‘The Equalizer,’ ‘Queen Sugar,’ ‘The Underground Railroad’ honored by Black critics group

Amazon’s “The Underground Railroad” and HBO’s “Lovecraft Country” won top awards in the African American Film Critics Association’s (AAFCA) third annual TV honors.

Programs produced by such luminaries as Queen Latifah and Ava DuVernay also are being honored, the organization announced Wednesday. Awards will be presented at an Aug. 21 ceremony in Los Angeles hosted by actress and comedian Yvette Nicole Brown.

“Lovecraft,” canceled after one season, received two acting awards, with Jurnee Smollett taking Best Actress and Jonathan Majors named Best Actor. “Underground Railroad,” based on Colson Whitehead’s Pulitzer-winning novel, was named best limited series, with Barry Jenkins (“Moonlight”) receiving the directing award.

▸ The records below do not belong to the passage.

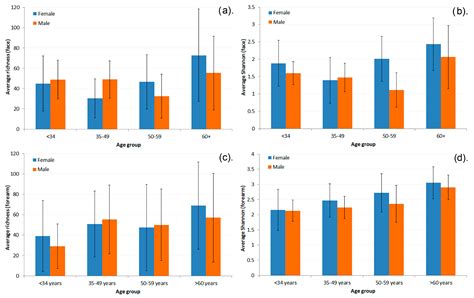 Evaluation of the Effects of Age, Sex, and Dexpanthenol-Containing Skin ...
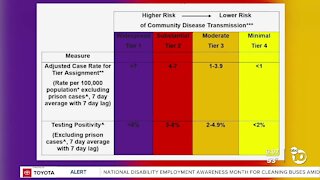 Tier update for San Diego County expected today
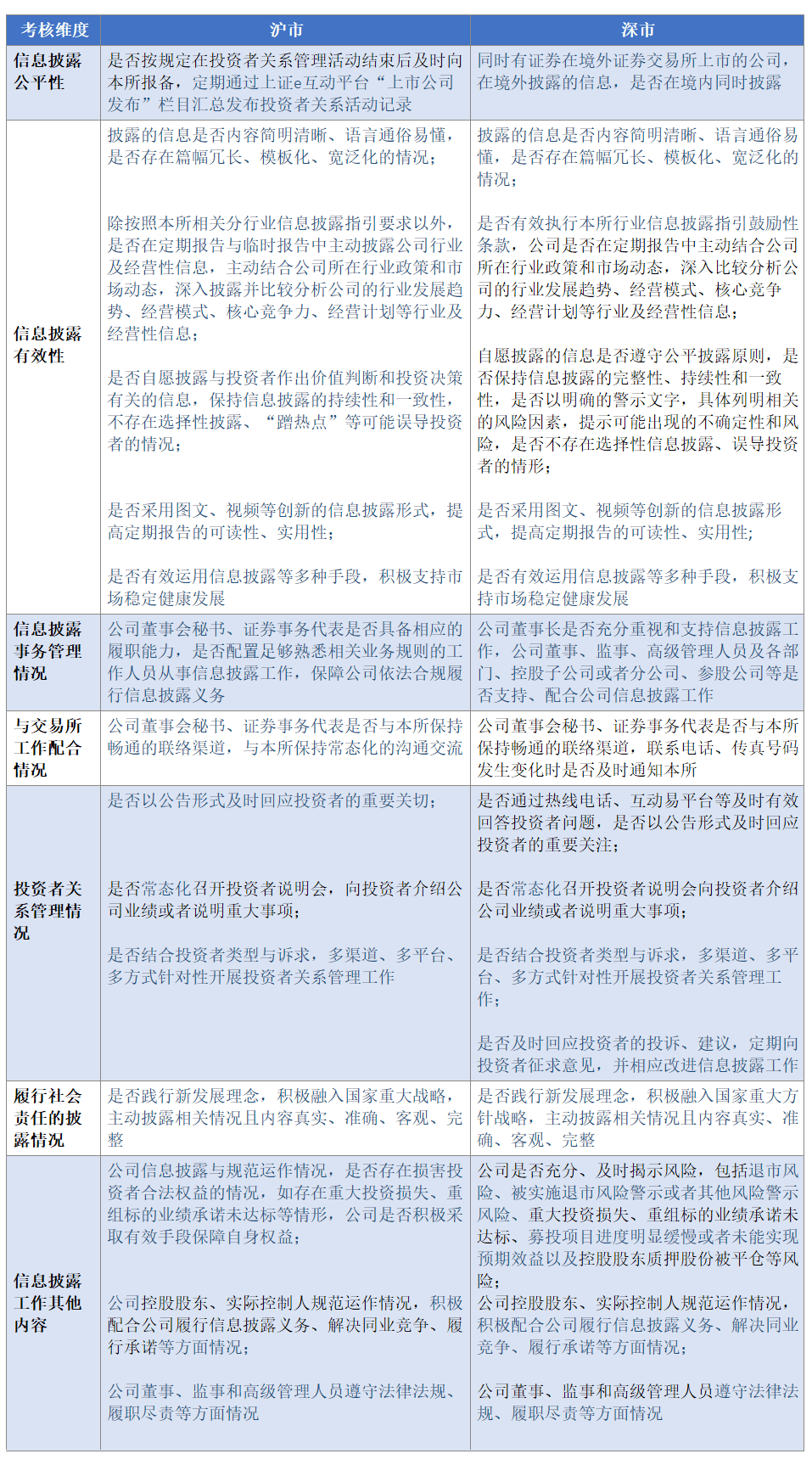 交易所信息披露评级工作评价结果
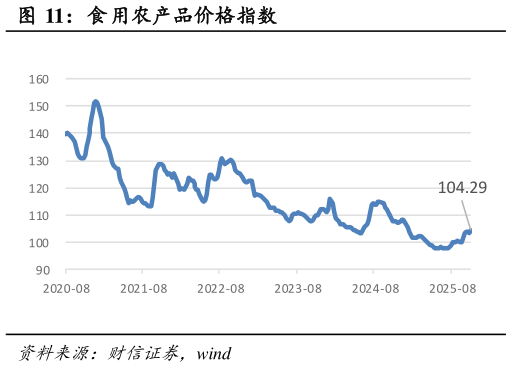 你知道食用农产品价格指数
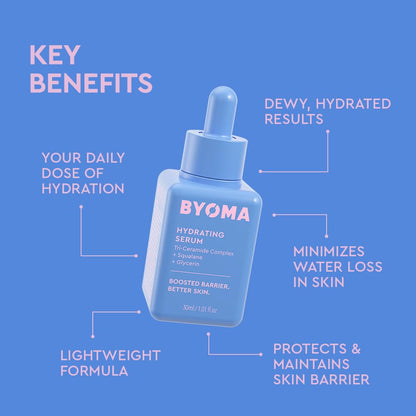 HOTBYOMA Hydrating Serum - Moisturizing Facial Serum with Squalane, Glycerin & Ceramides - Hydrating for Glowing, Dewy Skin - 1.01 fl. oz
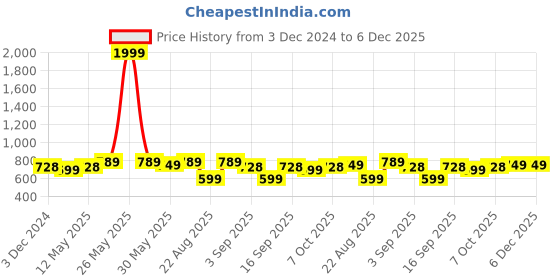 myntra.com PURYS PLUS Women Printed Tasselled Longline Shrug purys plus Price History Graph from 3 Dec 2024 to 5 Dec 2025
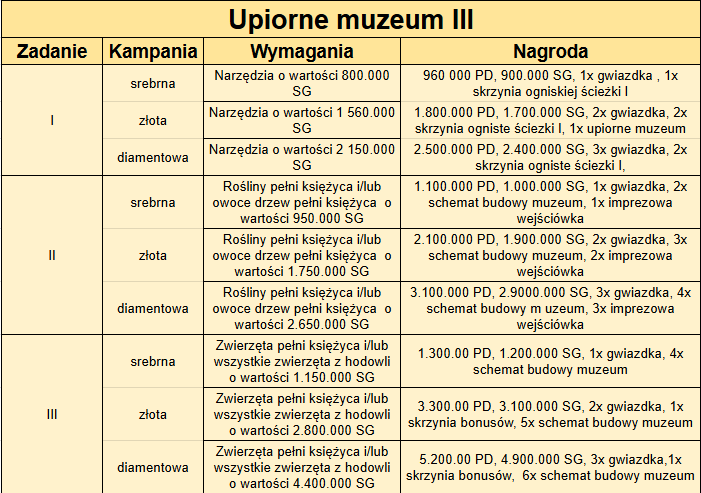 muzeum.png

OWN’s “Queen Sugar,” produced by DuVernay, won the drama series and writing categories, along with the AAFCA’s inaugural Impact Award.

CBS' "The Equalizer," featuring Queen Latifah starring in the title role, was named best new TV show by the African American Film Critics Association (AAFCA).

CBS’ “The Equalizer,” featuring Queen Latifah starring in the title role, was named best new TV show by the African American Film Critics Association (AAFCA).

Comedy series honors go to HBO’s “A Black Lady Sketch Show,” and CBS’ “The Equalizer,” which features Queen Latifah as star as well as executive producer, won as best new show.

HBO’s “Exterminate All the Brutes” and Netflix’s “High on the Hog: How African American Cuisine Transformed America” received the docuseries prize, while Amazon’s “Sylvie’s Love” was named best movie.

“This year’s honorees reflect a healthy variety of content that is not only entertaining but also mirrors the diversity of storytelling within the Black community. The TV Honors jury recognizes a multitude of voices, both emerging and established, whose work attests to the heterogeneity of the Black experience,” AAFCA co-founder and President Gil Robertson said in a statement. He called the winners ““a robust slate that we believe is reflective of a new normal regarding diversity and inclusion for TV.”

AAFCA earlier announced special honors for Steve McQueen, Wanda Sykes, Naomi Ackie and Michaela Coel (“I May Destroy You”). Netflix’s “Lupin” was cited as best international production, and HBO and HBO Max earned an award for a “long history of producing transformative diverse and inclusive programming.”